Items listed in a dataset

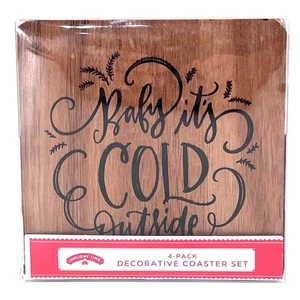 Paquete de 4 posavasos decorativos Holiday Time bebé hace frío exterior madera de acacia - Imagen 1 de 11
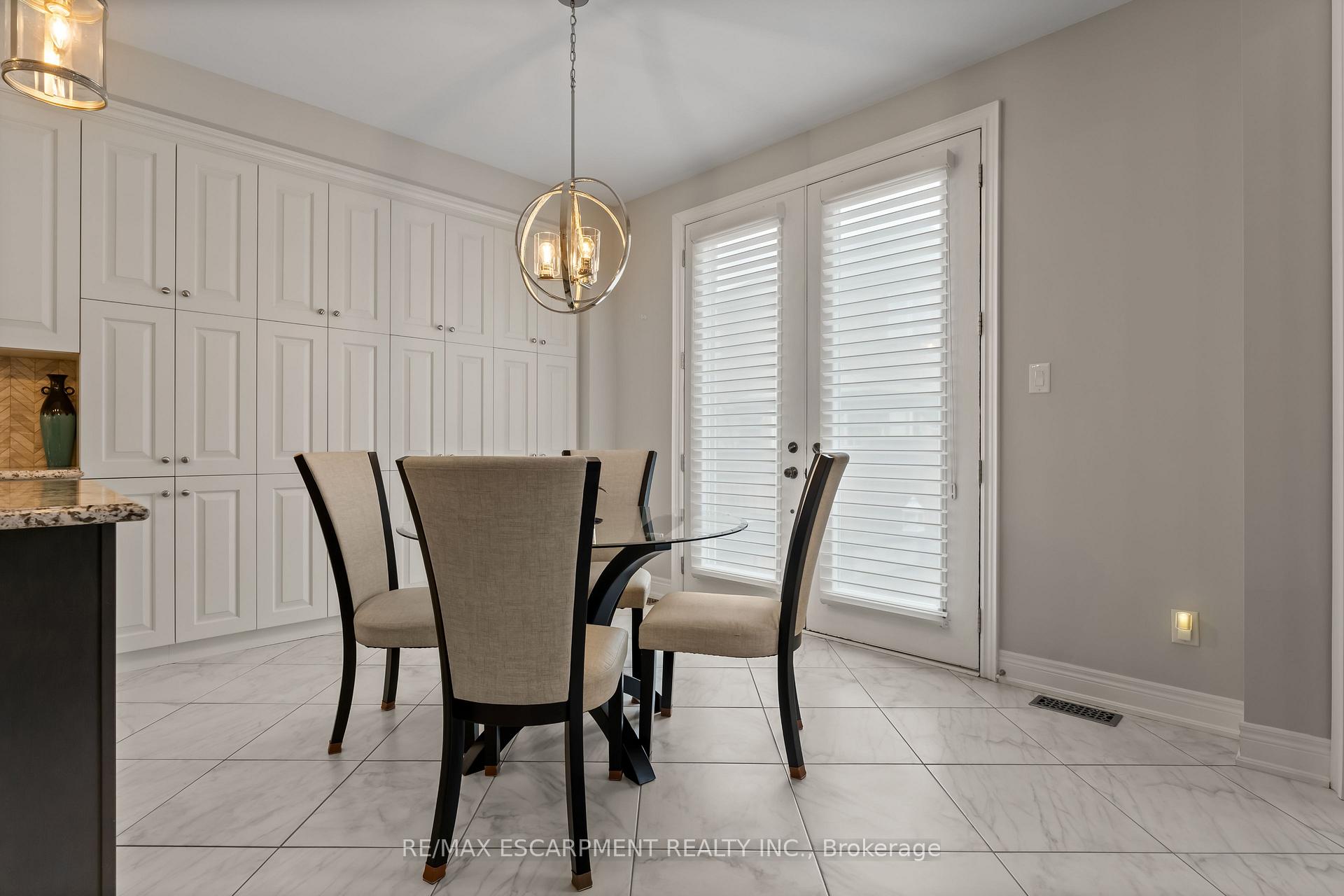 Photo 18 of 129 Fingland Crescent, Hamilton, Waterdown — HOMEH
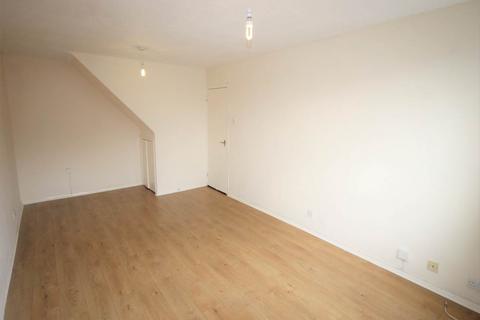 2 bedroom flat to rent, Woodleigh, Churchfields, South Woodford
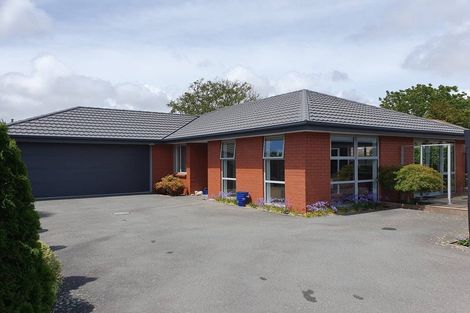 Photo of property in 118b Somerfield Street, Somerfield, Christchurch, 8024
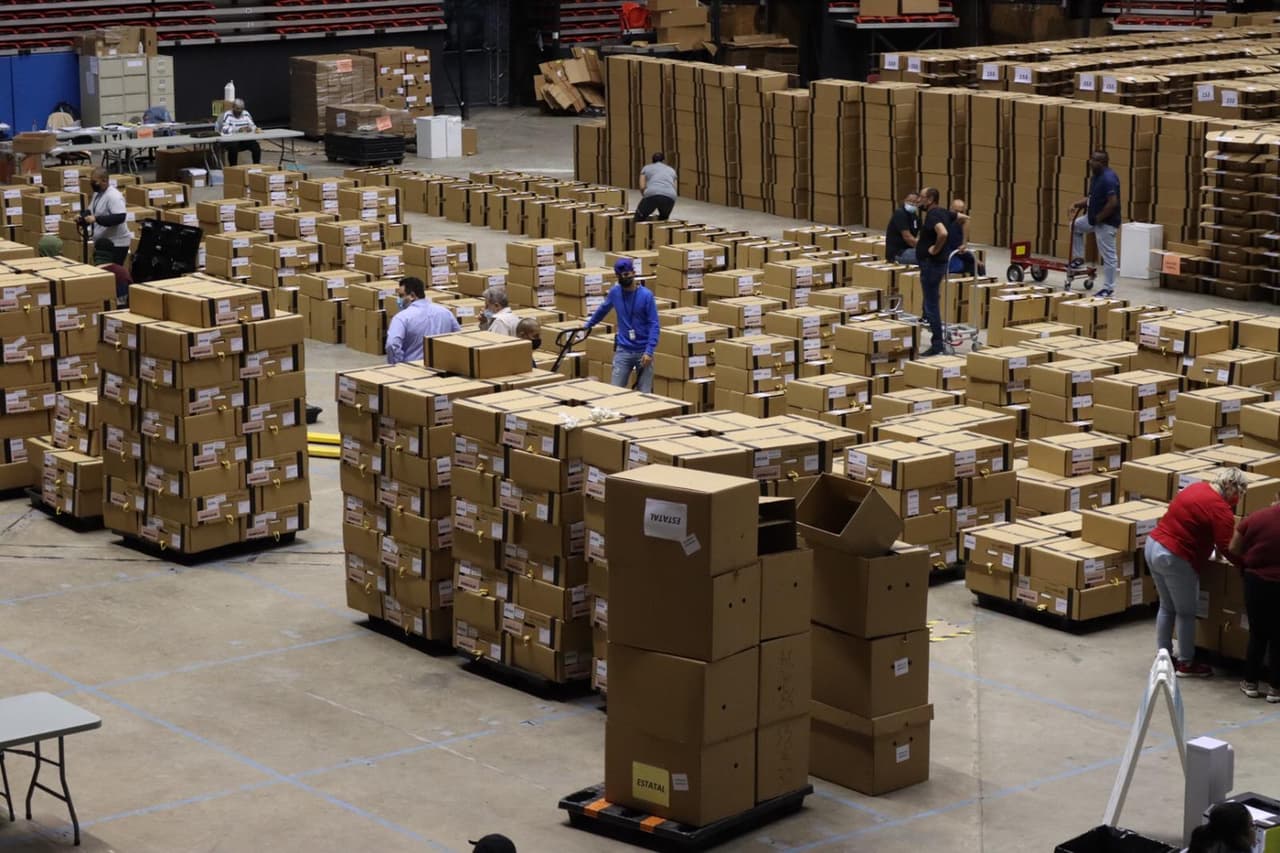 CEE envía los últimos camiones con papeletas para la votación de mañana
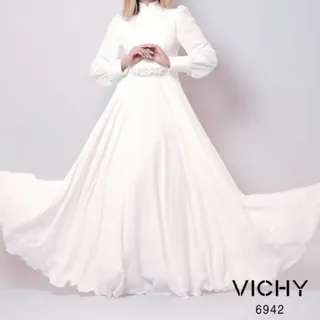 پیراهن عقد و فرمالیته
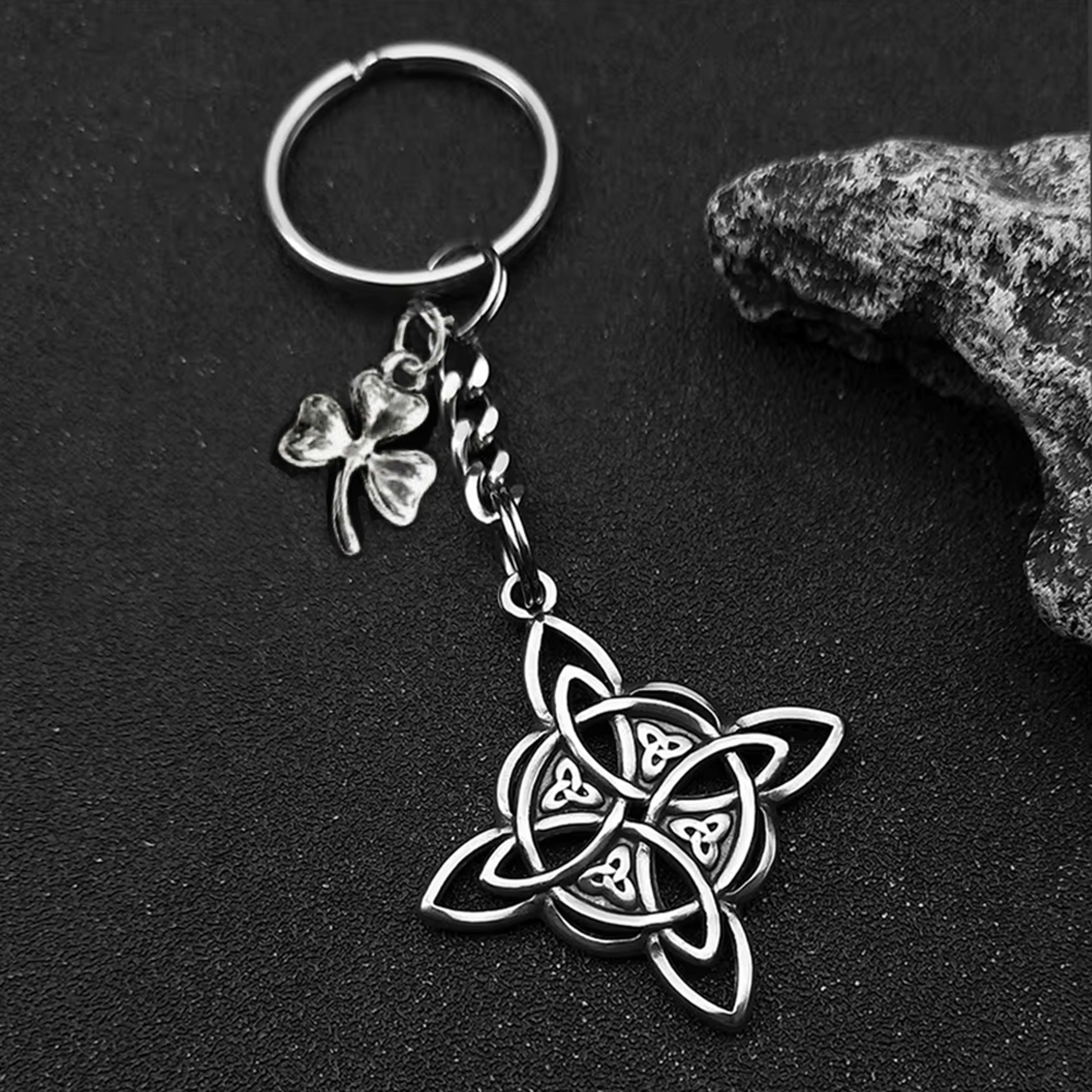 clover witch knot keychain celtic trinity knot keyring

**Work order**
Please set down the records exactly, and keep every image out of the copy.

**Problem solution**
 Paquete de 4 posavasos decorativos Holiday Time bebé hace frío exterior madera de acacia - Imagen 1 de 11
 Photo 18 of 129 Fingland Crescent, Hamilton, Waterdown — HOMEH
 2 bedroom flat to rent, Woodleigh, Churchfields, South Woodford
 Photo of property in 118b Somerfield Street, Somerfield, Christchurch, 8024
 CEE envía los últimos camiones con papeletas para la votación de mañana
 پیراهن عقد و فرمالیته
 clover witch knot keychain celtic trinity knot keyring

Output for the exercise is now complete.